HTTP Transport¶

The main purpose of HTTP transport is to reduce massive fetching overhead associated with large data sets (1M+ rows). It uses native Exasol commands EXPORT and IMPORT specifically designed to move large amounts of data. Data is transferred using CSV format with optional zlib compression.

This is a powerful tool which helps to bypass the creation of intermediate Python objects altogether and dramatically increases performance.

PyExasol offloads HTTP communication and decompression to a separate thread using the threading module. The main thread deals with a simple pipe opened in binary mode.

You may specify a custom callback function to read or write from the raw pipe and to apply complex logic. Use callback_params to pass additional parameters to the callback function (e.g. options for pandas).

You may also specify import_params or export_params to alter the IMPORT or EXPORT query and modify the CSV data stream.

Pre-defined Functions¶

Export from Exasol to pandas¶

Export data from Exasol into pandas.DataFrame. You may use the callback_params argument to pass custom options for the pandas read_csv function.

# Read from SQL
pd = C.export_to_pandas("SELECT * FROM users")

# Read from table
pd = C.export_to_pandas("users")

Import from pandas to Exasol¶

Import data from pandas.DataFrame into Exasol table. You may use the callback_params argument to pass custom options for the pandas to_csv function.

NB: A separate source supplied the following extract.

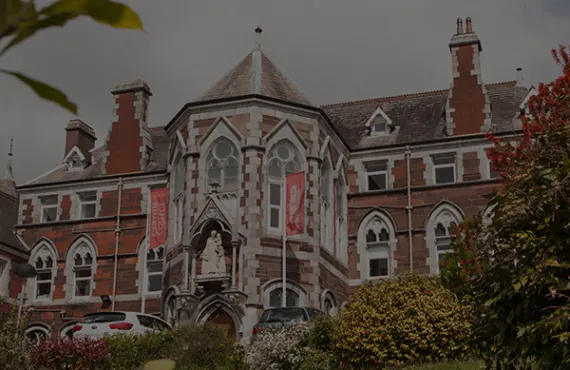 a group of people in front of a church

C.import_from_pandas(pd, "users")

Import from list (a-la INSERT)¶

my_list = [
    (1, 'Bob', False, '2018-01-01'),
    (2, 'Gill', True, '2018-02-01'),
]

C.import_from_iterable(my_list, "users")

Import from generator¶

This function is suitable for very big INSERTS as long as the generator returns rows one-by-one and does not run out of memory.

def my_generator():
    for i in range(5):
        yield (i, 'Bob', True, '2017-01-01')

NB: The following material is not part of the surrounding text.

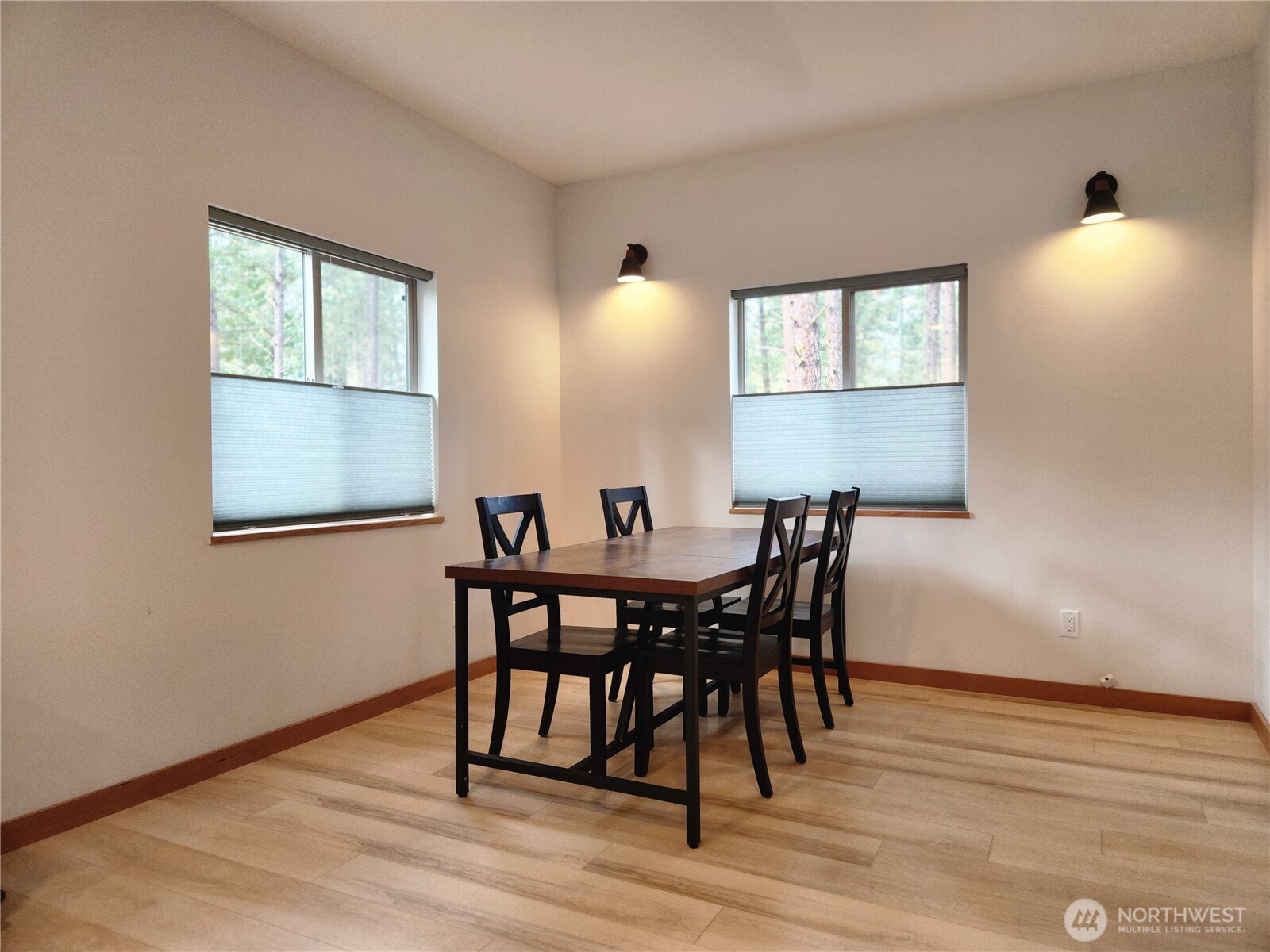 78 Homestead Road Winthrop, WA 98862 - Photo 6 of 40 a view of a dining room with furniture and wooden floor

C.import_from_iterable(my_generator(), "users")

Import from file¶

Import data from a file, path object, or file-like object opened in binary mode. You may import from process STDIN using sys.stdin.buffer.

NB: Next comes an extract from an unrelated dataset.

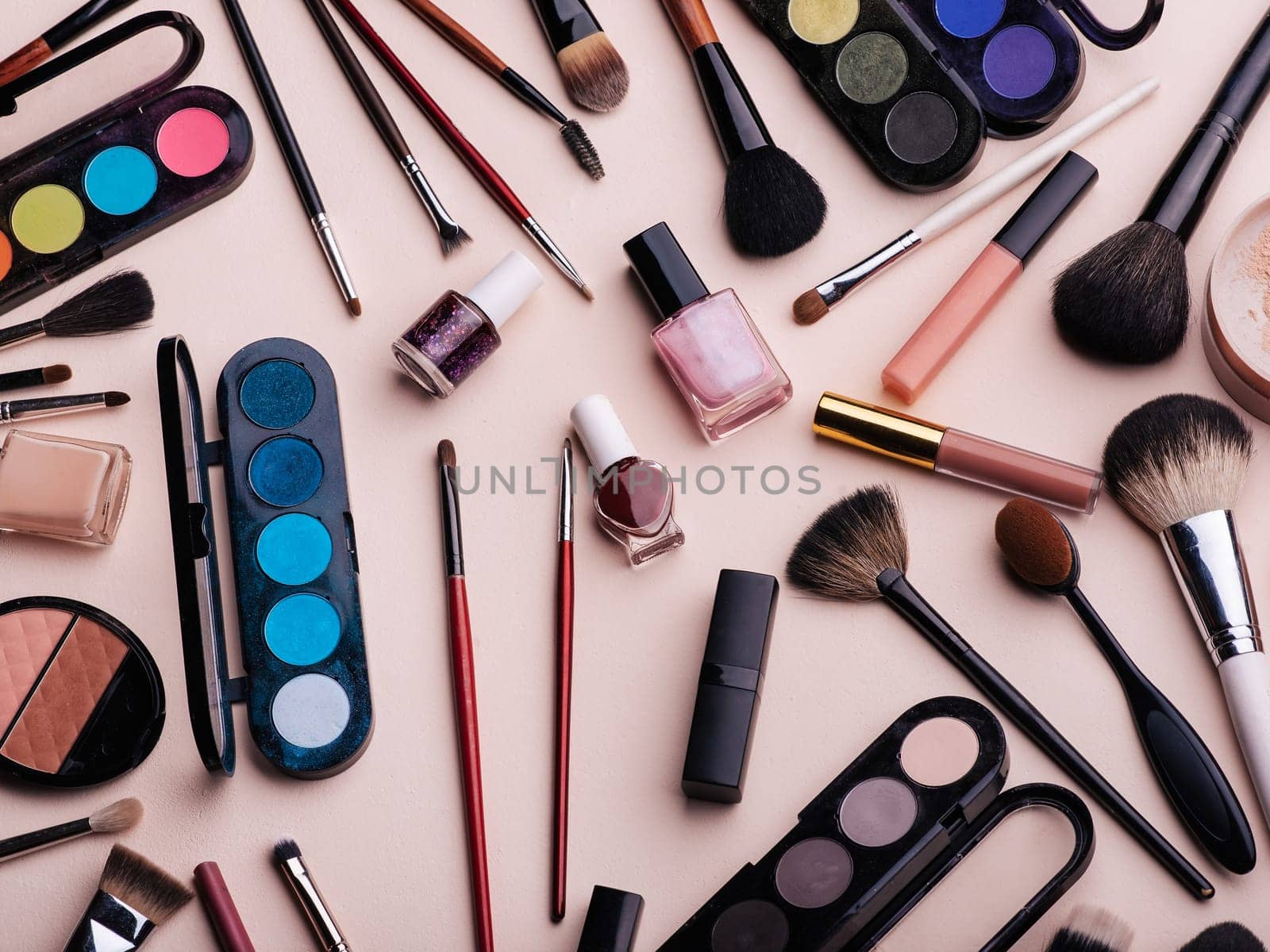Women's cosmetics and makeup set on pink background. Top view, flat lay collage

# Import from file defined with string path
C.import_from_file('/test/my_file.csv', "users")

# Import from path object
C.import_from_file(pathlib.Path('/test/my_file.csv'), "users")

# Import from opened file
file = open('/test/my_file.csv', 'rb')
C.import_from_file(file, "users")
file.close()

# Import from STDIN
C.import_from_file(sys.stdin.buffer, "users")

Export to file¶

Export data from Exasol into a file, path object, or file-like object opened in binary mode. You may export to process STDOUT using sys.stdout.buffer.

# Export from file defined with string path
C.export_to_file('my_file.csv', "users")

# Export into STDOUT
C.export_to_file(sys.stdout.buffer, "users")

Parameters¶

Please refer to the Exasol User Manual to learn more about IMPORT and EXPORT parameters.

import_params¶

Name	Example	Description
column_separator	,	Column separator for CSV
column_delimiter	“	Column delimiter for CSV (quoting)
columns	[‘id’, ‘name’]	List of table columns in the data source, useful if the column order of data source does not match the column order of Exasol table
csv_cols	[“1..5”, “6 FORMAT=’999.99’”, “8”]	List of CSV columns with optional numeric or date formats
row_separator	LF	Row separator for CSV (line-endings)
encoding	UTF8	File encoding
with_column_names	True	Add column names as the first line, useful for Pandas
null	N	Custom NULL value
delimit	AUTO	Delimiter mode: AUTO, ALWAYS, NEVER
format	gz	Import file or stream compressed with gz, bzip2, zip
comment	This is a query description	Add a comment before the beginning of the query

export_params¶

Name	Example	Description
column_separator	,	Column separator for CSV
column_delimiter	“	Column delimiter for CSV (quoting)
columns	[‘id’, ‘name’]	List of table columns, useful to reorder table columns during export from table
csv_cols	[“1..5”, “6 FORMAT=’999.99’”, “8”]	List of CSV columns with optional numeric or date formats
row_separator	LF	Row separator for CSV (line-endings)
encoding	UTF8	File encoding
skip	1	How many first rows to skip, useful for skipping header
null	N	Custom NULL value
trim	TRIM	Trim mode: TRIM, RTRIM, LTRIM
format	gz	Export file or stream compressed with gz, bzip2, zip
comment	This is a query description	Add a comment before the beginning of the query

The comment parameter, for adding comments to queries¶

For any export_* or import_* call, you can add a comment that will be inserted before the beginning of the query.

This can be used for profiling and auditing. Example:

C.import_from_file('/test/my_file.csv', 'users', import_params={'comment': '''
This comment will be inserted before the query.
This query is importing user from CSV.
'''})

The comment is inserted as a block comment (/* <comment> */). The block comment closing sequence (*/) is forbidden in the comment.

How to write custom EXPORT / IMPORT functions¶

A full collection of pre-defined callback functions is available in callback.py module.

Example of a callback exporting into a basic Python list.

# Define callback function
def export_to_list(pipe, dst, **kwargs):
    wrapped_pipe = io.TextIOWrapper(pipe, newline='\n')
    reader = csv.reader(wrapped_pipe, lineterminator='\n', **kwargs)

    return [row for row in reader]

# Run EXPORT using the defined callback function
C.export_to_callback(export_to_list, None, 'my_table')

Example of a callback importing from Pandas into Exasol.

df = <pandas.DataFrame>

def import_from_pandas(pipe, src, **kwargs):
    wrapped_pipe = io.TextIOWrapper(pipe, newline='\n')
    return src.to_csv(wrapped_pipe, header=False, index=False, quoting=csv.QUOTE_NONNUMERIC, **kwargs)

# Run IMPORT using the defined callback function
C.export_from_callback(import_from_pandas, df, 'my_table')